- Video report by ITV News National Editor Allegra Stratton
Interviewees: Robert Van De Noort, Vice chancellor, University of Reading
University tuition fees should be cut from £9,250 to £7,500 per year to give students better value for money, an independent education review has recommended.
The Post-18 Education and Funding review, led by Philip Augar, also recommended the reintroduction of maintenance grants to less well-off students.
Overall sector income could then be protected by an increased contribution by the government to teaching costs.
In a wide-ranging look at England and Wales' higher education system, the panel found student loans are not well understood by pupils, and that the name of the system should be changed to the Student Contribution System.
It said the system should be overhauled to reduce in-study interest charges but to increase the proportion of loans that is eventually repaid.
The report also suggested the repayment period of student loans should be increased from 30 to 40 years - meaning graduates will end up paying more over time.
Proposals for disadvantaged students include the reintroduction of maintenance grants of at least £3,000 a year, which was scrapped by the Conservative government in 2016.
The recommendations have been advised to come into force for 2021/22 and would not be applied retrospectively.
This means students in higher education now would not be effected by the proposed recommendations if there were applied.
- ITV News National Editor Allegra Stratton provides an analysis of the review
So what are the main recommendations?
- Cap tuition fees at £7,500 a year
- Fee cap should be frozen until 2022/23, then increased in line with inflation from 2023/24
- Reintroduce maintenance grants for poorest students to at least £3,000 a year
- Change the name of student loans to "student contribution system"
- Withdraw financial support for foundation years attached to degree courses after an "appropriate notice period"
- Lower the repayment threshold where people start paying back student loans from £25,725 - meaning graduates will contribute more back each year
- Loans should be wiped after 40 years instead of 30 years
- Remove in-study interest, so that loan balances track inflation during study
Prime Minister Theresa May spoke about the recommendations in a speech on Thursday.
She said: “I was not surprised to see the panel argue for the reintroduction of means-tested maintenance grants both for university students and those studying for higher technical qualifications.

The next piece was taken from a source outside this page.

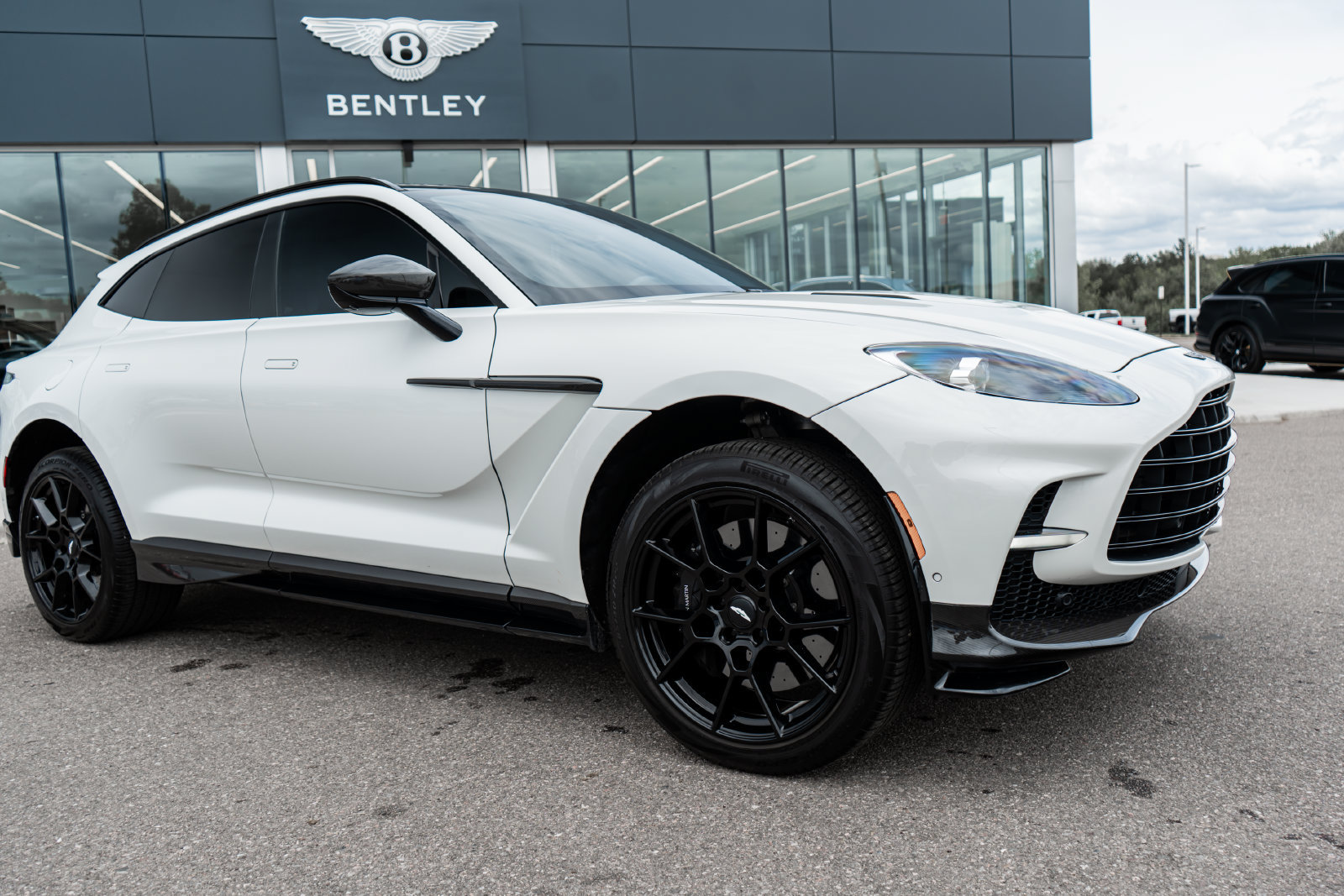 Used 2023 Aston Martin DBX 707 AWD/4WD image 18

“Such a move would ensure students are supported whichever route they choose, and save those from the poorest backgrounds over £9,000.

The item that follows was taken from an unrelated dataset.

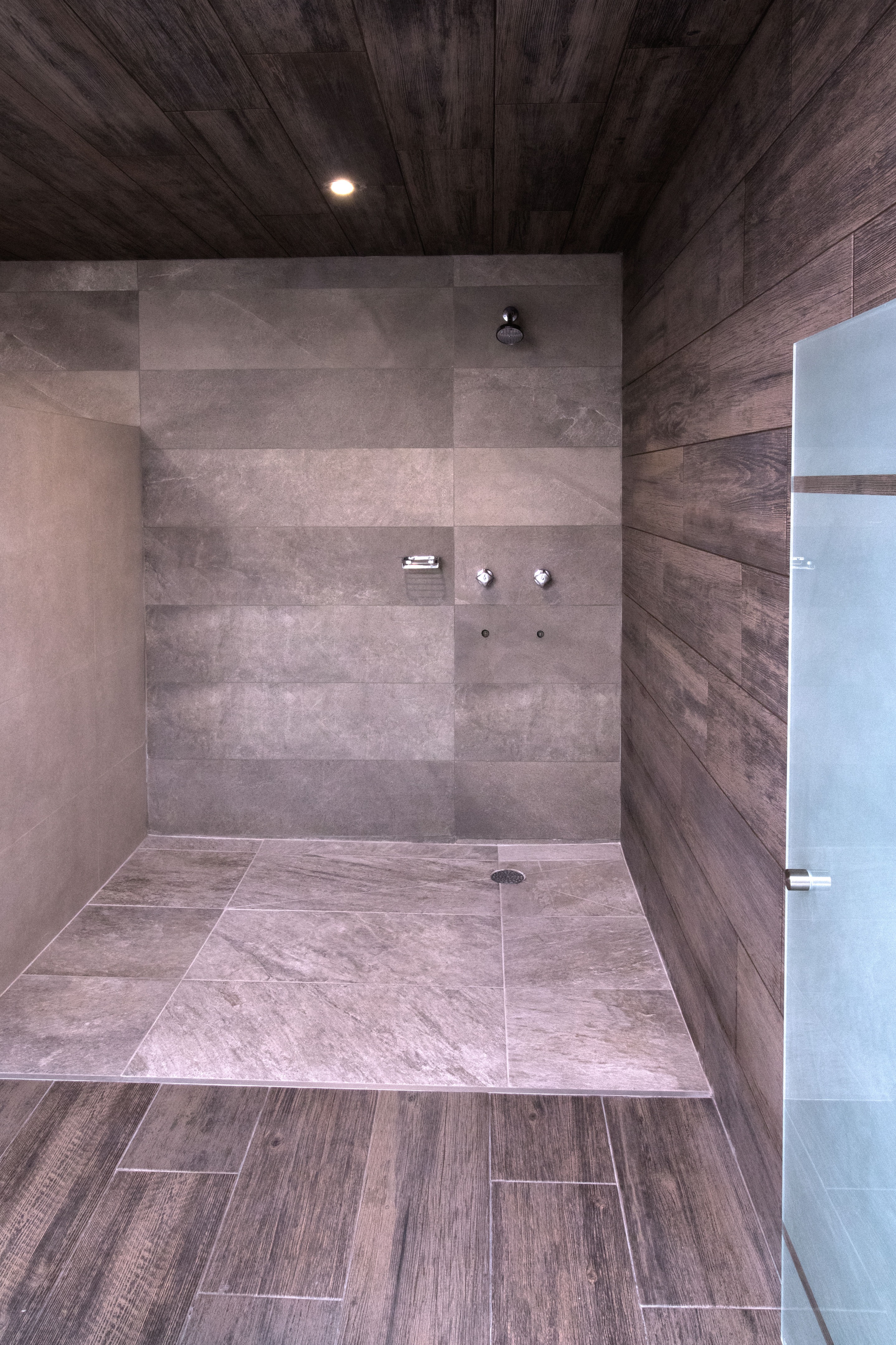 墨西哥乡村俱乐部拉斯·乌尔塔斯浴室和更衣室翻新-8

“It will be up to the Government to decide, at the upcoming Spending Review, whether to follow this recommendation.
“But my view is very clear: removing maintenance grants from the least well-off students has not worked, and I believe it is time to bring them back.”

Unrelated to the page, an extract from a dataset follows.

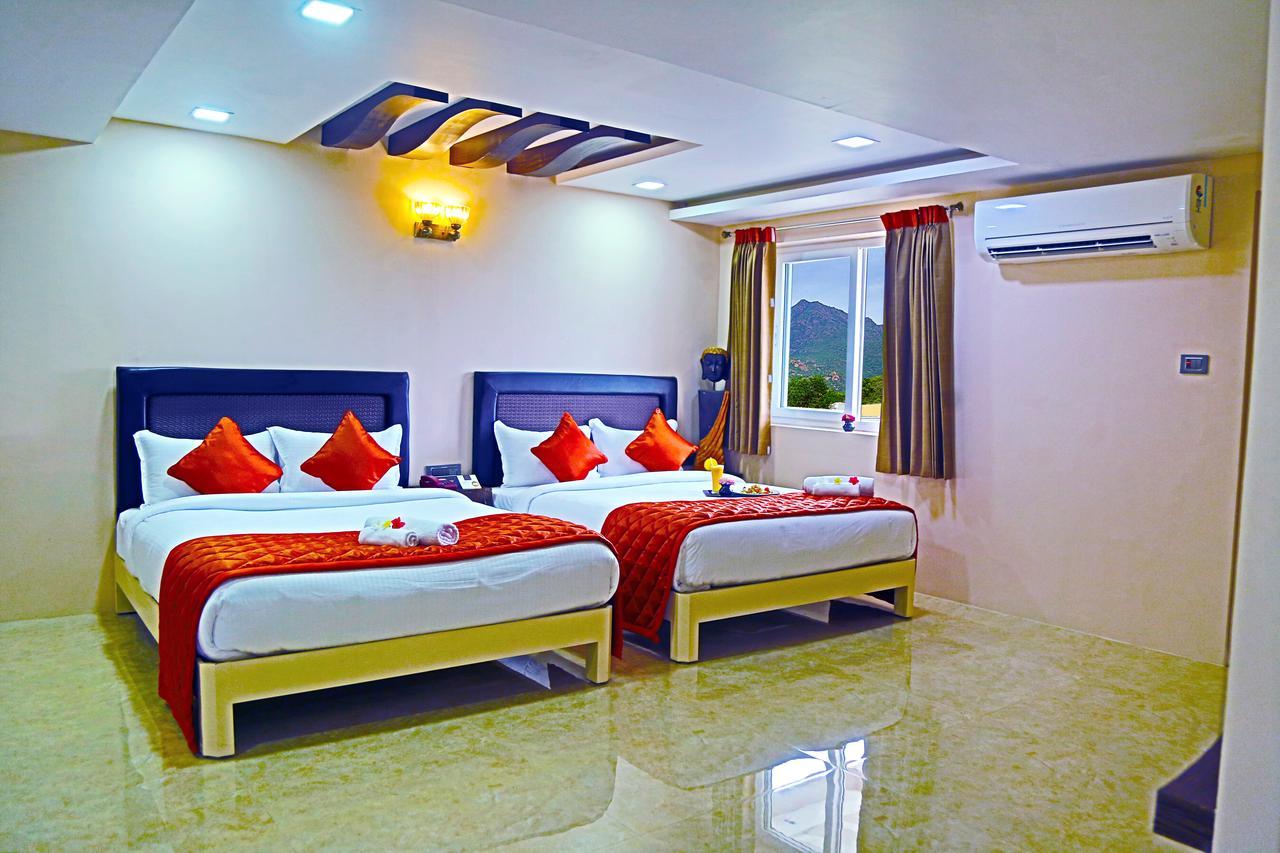 Athena Hotel Tiruvannamalai Bagian luar foto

The President of Southampton University Student Union, Steve Gore, agrees.
Mrs May also called for reform to tuition fees to ensure value for money for students and the taxpayer.
She said that while the majority of courses provide good outcomes for students, this is no longer true across the board, and many courses do not cost £9,000 per student per year to teach.
However with a change of Conservative leader expected within weeks, there is no guarantee the recommendations will be followed.
Despite the Government boosting education or training places for every 16 to 19-year old, rolling out T Levels, and creating high-quality apprenticeships, the Prime Minister said more must be done for the 50% of young people who do not go to university.
Dr Augar, chairman of the panel, said: “Our work revealed that post-18 education in England is a story of both care and neglect, depending on whether students are amongst the 50% of young people who participate in higher education or the rest.
“The panel believes that this disparity simply has to be addressed.”
"For too long, we've had a system that works for half the population whilst neglecting the other half," said David Hughes, chief executive of the Association of Colleges.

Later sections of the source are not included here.